The small number of cells necessary to make each liver-on-a-chip work means that cells can be sourced from donor offcuts that hospitals or other researchers normally have no use for (due either to their size or how damaged they are). CN Bio Innovations, the startup behind the liver chip, claims that using its product will be “significantly” cheaper than the equivalent animal testing for many drugs. The complete lifecycle for the cells, and whatever infects them, can be observed in one tiny space.

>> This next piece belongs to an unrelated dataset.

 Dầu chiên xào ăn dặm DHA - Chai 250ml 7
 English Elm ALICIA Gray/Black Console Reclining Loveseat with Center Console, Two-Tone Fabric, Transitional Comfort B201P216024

CN Bio calls its system, appropriately enough, LiverChip; and its current focus is on one specific disease as a proof-of-concept: Hepatitis B, a viral liver disease enormously prevalent around the world. The WHO estimates that there are roughly 240 million people living with chronic Hep B infections, while more than three-quarters of a million people, overwhelmingly in Asia and sub-Saharan Africa, die from it each year — despite a readily available vaccine and several treatments to manage its symptoms. However, there is no cure yet, making it an attractive candidate for research.

The tech behind LiverChip was originally developed at MIT, funded by the U.S. government’s cutting-edge scientific research wing DARPA as part of a wider program to develop organs-on-a-chip for the entire human body. CN Bio is currently working out how to turn it into something commercially viable, and has deals with a few (mostly still unnamed) pharmaceutical companies, like the Australian firm Benitec. The company also has research collaborations with institutions like Imperial College London. It can cost pharmaceutical companies upwards of a billion dollars from start to finish to bring a drug to market, so there’s understandable interest in anything that could reduce some of those expenditures.

Eventually, we might reach a time when we have entire human bodies represented on chips, but for now the liver is complex enough on its own. According to David Hughes, CN Bio’s CTO, the engineering challenges for one organ are “extraordinary.”

But will this ever be a replacement for animal testing? “There’s a tension between the need for animal testing, and the desire not to have to use them,” Hughes explained at the opening of the company’s new research lab. For the near- and medium-future, it’s only going to be “supplemental” to animal testing, not a replacement, he said. It’s up to legislators and industry experts to continually assess the viability of organ-on-a-chip technology as it rolls out and improves, and decide at which point our need to test possibly dangerous drugs on animals is no longer necessary.